Repeat the listing below exactly. Pictures do not belong in the copy.

* DATA BLOCK:
· · · · · · ·

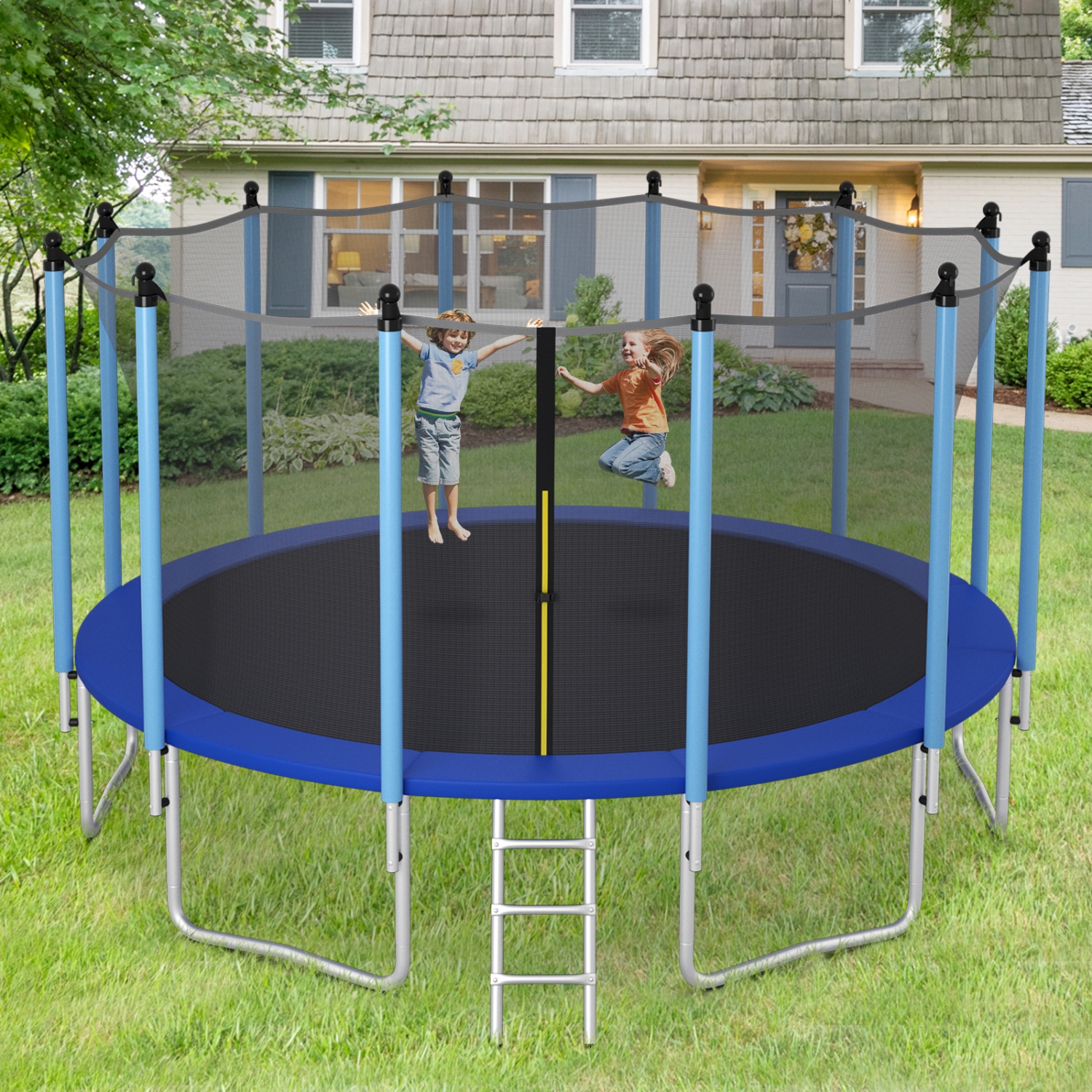Topbuy – trampoline 16FT pour enfants trampolines récréatives avec filet de sécurité interne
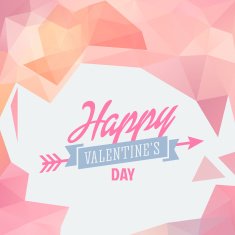 Valentine's Day vector poster N141
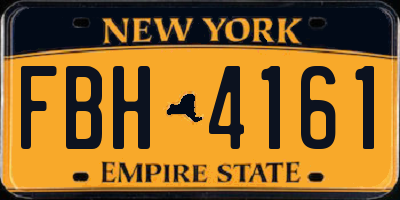 NY license plate FBH4161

· · · · · · ·

* WRITTEN SOLUTION:
Topbuy – trampoline 16FT pour enfants trampolines récréatives avec filet de sécurité interne
 Valentine's Day vector poster N141
 NY license plate FBH4161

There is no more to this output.